فَلَمَّا دَخَلُواْ عَلَيْهِ قَالُواْ يَا أَيُّهَا الْعَزِيزُ مَسَّنَا وَأَهْلَنَا الضُّرُّ وَجِئْنَا بِبِضَاعَةٍ مُّزْجَاةٍ فَأَوْفِ لَنَا الْكَيْلَ وَتَصَدَّقْ عَلَيْنَآ إِنَّ اللّهَ يَجْزِي الْمُتَصَدِّقِينَ ﴿٨٨﴾
Ayet Transkripsiyonu ve Sade Meali
söz öbeklerinin üzerine farenizi sürükleyerek çevirilerini görebilirsiniz. Çevirileri tablo halinde görmek için buraya tıklayın
Kelime | Türkçe karşılığı |
---|---|
fe lemmâ | böylece, olduğu zaman, olunca |
dehalû | girdiler |
aleyhi | ona (onun yanına, huzuruna) |
kâlû | dediler |
yâ eyyuhâ el azîzu | ey vezir, ey azîz |
messenâ | bize dokundu |
ve ehlenâ | ve ailemize |
ed durru | şiddetli darlık |
ve ci'nâ | ve geldik |
bi | ile |
bidâatin | sermaye |
muzcâtin | önemsiz, az |
fe evfi | artık tam ver |
lenâ | bize |
el keyle | ölçek |
ve tesaddak | sadaka ver, bağışta bulun |
aleynâ | bize |
innallâhe (inne allâhe) | muhakkak ki Allah |
yeczî | karşılığını öder, mükâfatını verir |
el mutesaddikîne | sadaka verenler, tasaddukta bulunanlar |
Bundan sonra onun huzuruna girince şöyle dediler: “Ey azîz!

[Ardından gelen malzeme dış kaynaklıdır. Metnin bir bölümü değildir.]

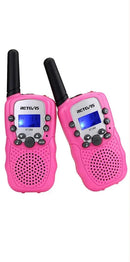 Brinquedos Educativos, Brinquedos Educativos 1 Ano, Brinquedos Educativos 2 Anos, Brinquedos Educativos 3 Anos, Brinquedos Pedagogicos, Brinquedos Montessorianos, Brinquedos Educativos 5 Anos, Brinquedos Montessori, Brinquedos Educativos 4 Anos, Brinquedos Educativos 2 a 3 Anos, Brinquedos Educativos 3 a 4 Anos, Brinquedos Educativos 8 Anos, Nina Brinquedos Educativos, Brinquedos Educativos 6 Anos, Torre Inteligente, Brinquedos Interativos, Brinquedos Pedagógicos,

Bize ve ailemize şiddetli darlık dokundu ve biz az sermaye ile geldik. Artık bize ölçeği tam olarak ver ve bize tasadduk et (sadaka ver). Muhakkak ki; Allah sadaka verenlerin mükâfatını verir.”
YÛSUF SURESİ 88. Ayeti Abdullah Parlıyan Meali
Bunun üzerine Ya'kub'un oğulları, tekrar Mısır'a gidip Yûsuf'un yanına girdikleri zaman dediler ki: “Ey aziz! Biz ve ailemiz yine darlık ve sıkıntıya düştük ve pek değersiz bir sermaye ile geldik. Sen bizim için, ölçeği tam tut ve bize karşı cömert ol. Çünkü Allah cömertçe verenleri ödüllendirir.”